* [Exercise data]:
○ ○ ○ ○ ○

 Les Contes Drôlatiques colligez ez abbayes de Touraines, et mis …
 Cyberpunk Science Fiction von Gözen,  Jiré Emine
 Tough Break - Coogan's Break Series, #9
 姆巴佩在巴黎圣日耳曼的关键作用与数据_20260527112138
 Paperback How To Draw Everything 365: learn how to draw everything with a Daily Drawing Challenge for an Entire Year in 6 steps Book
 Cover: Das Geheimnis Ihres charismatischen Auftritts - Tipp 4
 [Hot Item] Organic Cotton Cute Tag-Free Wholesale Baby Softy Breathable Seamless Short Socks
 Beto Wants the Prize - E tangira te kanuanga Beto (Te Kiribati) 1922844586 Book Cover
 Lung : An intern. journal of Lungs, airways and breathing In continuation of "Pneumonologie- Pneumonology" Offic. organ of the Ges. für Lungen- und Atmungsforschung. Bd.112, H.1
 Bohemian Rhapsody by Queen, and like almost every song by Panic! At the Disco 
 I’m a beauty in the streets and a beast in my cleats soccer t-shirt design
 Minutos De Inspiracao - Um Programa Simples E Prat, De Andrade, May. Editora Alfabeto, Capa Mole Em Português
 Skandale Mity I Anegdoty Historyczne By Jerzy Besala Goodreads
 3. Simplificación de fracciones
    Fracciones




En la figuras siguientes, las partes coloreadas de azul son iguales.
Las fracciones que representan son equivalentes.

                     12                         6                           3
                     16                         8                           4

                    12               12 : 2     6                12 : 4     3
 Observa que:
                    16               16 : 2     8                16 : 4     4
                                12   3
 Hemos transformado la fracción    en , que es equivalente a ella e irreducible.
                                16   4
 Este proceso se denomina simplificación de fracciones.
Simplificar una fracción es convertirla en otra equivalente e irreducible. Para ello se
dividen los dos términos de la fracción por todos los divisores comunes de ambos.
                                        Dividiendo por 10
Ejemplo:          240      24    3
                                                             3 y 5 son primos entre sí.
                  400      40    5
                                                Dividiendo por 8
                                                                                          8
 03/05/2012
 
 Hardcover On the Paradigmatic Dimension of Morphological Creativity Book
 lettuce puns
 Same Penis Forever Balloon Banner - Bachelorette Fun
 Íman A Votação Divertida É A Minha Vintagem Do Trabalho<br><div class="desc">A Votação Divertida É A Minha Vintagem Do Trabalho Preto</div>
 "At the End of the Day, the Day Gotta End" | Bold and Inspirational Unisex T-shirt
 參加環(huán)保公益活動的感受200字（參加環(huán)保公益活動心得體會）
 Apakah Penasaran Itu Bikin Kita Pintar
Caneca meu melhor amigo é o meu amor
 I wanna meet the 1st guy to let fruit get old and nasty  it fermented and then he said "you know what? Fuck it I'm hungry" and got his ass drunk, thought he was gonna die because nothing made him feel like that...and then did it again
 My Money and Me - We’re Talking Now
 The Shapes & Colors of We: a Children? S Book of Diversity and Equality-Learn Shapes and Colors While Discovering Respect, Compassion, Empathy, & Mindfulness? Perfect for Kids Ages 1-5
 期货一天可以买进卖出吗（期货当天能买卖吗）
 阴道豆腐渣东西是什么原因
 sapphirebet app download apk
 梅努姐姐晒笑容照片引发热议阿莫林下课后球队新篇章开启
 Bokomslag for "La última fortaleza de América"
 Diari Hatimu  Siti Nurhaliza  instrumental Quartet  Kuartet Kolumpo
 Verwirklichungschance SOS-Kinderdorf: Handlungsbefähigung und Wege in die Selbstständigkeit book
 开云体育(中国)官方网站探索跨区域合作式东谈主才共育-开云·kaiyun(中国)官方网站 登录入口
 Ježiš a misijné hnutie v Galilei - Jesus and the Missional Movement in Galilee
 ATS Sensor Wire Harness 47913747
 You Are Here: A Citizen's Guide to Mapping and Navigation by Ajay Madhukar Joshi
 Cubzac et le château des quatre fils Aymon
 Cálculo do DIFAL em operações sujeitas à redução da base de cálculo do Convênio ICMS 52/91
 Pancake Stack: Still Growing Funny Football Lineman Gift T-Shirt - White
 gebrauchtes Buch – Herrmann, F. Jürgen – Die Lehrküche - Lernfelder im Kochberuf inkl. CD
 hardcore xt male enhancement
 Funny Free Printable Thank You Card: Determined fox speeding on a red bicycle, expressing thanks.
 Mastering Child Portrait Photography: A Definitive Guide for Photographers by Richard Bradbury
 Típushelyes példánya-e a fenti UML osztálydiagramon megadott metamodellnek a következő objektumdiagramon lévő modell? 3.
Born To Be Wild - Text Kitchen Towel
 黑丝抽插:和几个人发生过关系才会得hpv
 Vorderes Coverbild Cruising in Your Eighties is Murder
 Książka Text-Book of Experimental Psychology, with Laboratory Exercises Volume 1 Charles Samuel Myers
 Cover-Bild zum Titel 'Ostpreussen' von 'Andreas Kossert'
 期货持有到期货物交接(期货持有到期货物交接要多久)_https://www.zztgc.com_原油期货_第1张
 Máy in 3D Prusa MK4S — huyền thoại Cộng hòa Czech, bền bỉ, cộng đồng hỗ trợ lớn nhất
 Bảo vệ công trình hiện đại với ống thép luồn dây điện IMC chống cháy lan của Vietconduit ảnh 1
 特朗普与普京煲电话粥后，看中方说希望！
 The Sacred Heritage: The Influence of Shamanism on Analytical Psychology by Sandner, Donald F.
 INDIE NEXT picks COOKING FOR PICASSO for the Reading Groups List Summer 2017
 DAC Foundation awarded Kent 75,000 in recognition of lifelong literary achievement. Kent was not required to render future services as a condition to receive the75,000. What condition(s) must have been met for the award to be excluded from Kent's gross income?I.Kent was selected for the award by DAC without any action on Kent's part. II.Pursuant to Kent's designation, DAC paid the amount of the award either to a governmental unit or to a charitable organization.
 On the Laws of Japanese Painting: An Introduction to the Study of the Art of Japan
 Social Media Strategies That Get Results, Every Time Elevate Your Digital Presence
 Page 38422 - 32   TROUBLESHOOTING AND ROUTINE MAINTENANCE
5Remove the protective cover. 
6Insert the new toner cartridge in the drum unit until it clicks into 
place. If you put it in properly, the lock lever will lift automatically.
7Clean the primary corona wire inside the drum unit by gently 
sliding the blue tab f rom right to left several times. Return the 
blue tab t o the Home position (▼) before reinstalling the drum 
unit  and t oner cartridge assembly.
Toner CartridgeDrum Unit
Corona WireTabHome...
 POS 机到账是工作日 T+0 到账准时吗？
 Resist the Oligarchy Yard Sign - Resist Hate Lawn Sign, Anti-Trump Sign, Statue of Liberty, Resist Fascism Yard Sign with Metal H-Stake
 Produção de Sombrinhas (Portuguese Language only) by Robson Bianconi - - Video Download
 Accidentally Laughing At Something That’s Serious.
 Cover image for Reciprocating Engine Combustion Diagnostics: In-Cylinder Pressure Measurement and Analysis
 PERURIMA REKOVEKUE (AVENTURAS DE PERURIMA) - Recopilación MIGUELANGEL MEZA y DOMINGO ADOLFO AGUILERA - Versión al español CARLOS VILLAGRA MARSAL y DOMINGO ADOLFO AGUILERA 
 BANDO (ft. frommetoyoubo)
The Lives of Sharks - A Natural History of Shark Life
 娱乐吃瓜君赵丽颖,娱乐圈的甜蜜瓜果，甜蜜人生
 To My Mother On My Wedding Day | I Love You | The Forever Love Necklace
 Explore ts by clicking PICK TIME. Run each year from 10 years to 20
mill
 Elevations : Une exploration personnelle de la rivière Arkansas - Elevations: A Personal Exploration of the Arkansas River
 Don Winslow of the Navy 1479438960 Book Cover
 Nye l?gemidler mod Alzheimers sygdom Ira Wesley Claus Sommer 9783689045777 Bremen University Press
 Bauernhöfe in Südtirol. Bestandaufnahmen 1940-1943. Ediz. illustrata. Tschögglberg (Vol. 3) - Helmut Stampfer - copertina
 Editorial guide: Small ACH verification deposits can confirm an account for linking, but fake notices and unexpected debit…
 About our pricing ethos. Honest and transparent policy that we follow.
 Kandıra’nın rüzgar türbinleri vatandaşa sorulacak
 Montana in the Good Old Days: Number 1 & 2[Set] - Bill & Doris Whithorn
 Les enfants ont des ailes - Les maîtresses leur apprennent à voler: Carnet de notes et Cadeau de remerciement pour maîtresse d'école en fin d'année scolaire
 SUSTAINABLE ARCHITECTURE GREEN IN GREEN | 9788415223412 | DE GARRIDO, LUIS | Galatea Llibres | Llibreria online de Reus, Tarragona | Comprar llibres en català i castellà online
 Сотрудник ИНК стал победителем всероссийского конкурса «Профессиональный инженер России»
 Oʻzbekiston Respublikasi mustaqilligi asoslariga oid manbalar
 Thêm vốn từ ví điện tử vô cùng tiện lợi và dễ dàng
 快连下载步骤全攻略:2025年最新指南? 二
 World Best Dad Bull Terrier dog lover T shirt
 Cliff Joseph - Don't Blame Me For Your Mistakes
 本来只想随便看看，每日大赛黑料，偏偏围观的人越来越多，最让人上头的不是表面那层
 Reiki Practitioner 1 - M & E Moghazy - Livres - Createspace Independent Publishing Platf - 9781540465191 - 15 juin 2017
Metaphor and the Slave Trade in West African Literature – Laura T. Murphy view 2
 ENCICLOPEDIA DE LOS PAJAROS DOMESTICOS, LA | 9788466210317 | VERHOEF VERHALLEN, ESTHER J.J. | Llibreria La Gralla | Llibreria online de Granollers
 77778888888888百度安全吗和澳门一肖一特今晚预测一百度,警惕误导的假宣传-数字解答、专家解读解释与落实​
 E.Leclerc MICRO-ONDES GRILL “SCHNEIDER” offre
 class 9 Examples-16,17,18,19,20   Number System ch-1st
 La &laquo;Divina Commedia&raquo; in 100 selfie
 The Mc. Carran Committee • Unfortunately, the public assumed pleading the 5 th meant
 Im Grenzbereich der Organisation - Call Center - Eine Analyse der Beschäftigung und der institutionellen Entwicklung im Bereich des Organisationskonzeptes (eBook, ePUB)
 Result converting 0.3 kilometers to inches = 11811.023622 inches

○ ○ ○ ○ ○

* [What you will do]: From the opening line of the data above through the line that contains "I’m a beauty", please print each line as it stands and only those lines.

* [Completed task]:
 Les Contes Drôlatiques colligez ez abbayes de Touraines, et mis …
 Cyberpunk Science Fiction von Gözen,  Jiré Emine
 Tough Break - Coogan's Break Series, #9
 姆巴佩在巴黎圣日耳曼的关键作用与数据_20260527112138
 Paperback How To Draw Everything 365: learn how to draw everything with a Daily Drawing Challenge for an Entire Year in 6 steps Book
 Cover: Das Geheimnis Ihres charismatischen Auftritts - Tipp 4
 [Hot Item] Organic Cotton Cute Tag-Free Wholesale Baby Softy Breathable Seamless Short Socks
 Beto Wants the Prize - E tangira te kanuanga Beto (Te Kiribati) 1922844586 Book Cover
 Lung : An intern. journal of Lungs, airways and breathing In continuation of "Pneumonologie- Pneumonology" Offic. organ of the Ges. für Lungen- und Atmungsforschung. Bd.112, H.1
 Bohemian Rhapsody by Queen, and like almost every song by Panic! At the Disco 
 I’m a beauty in the streets and a beast in my cleats soccer t-shirt design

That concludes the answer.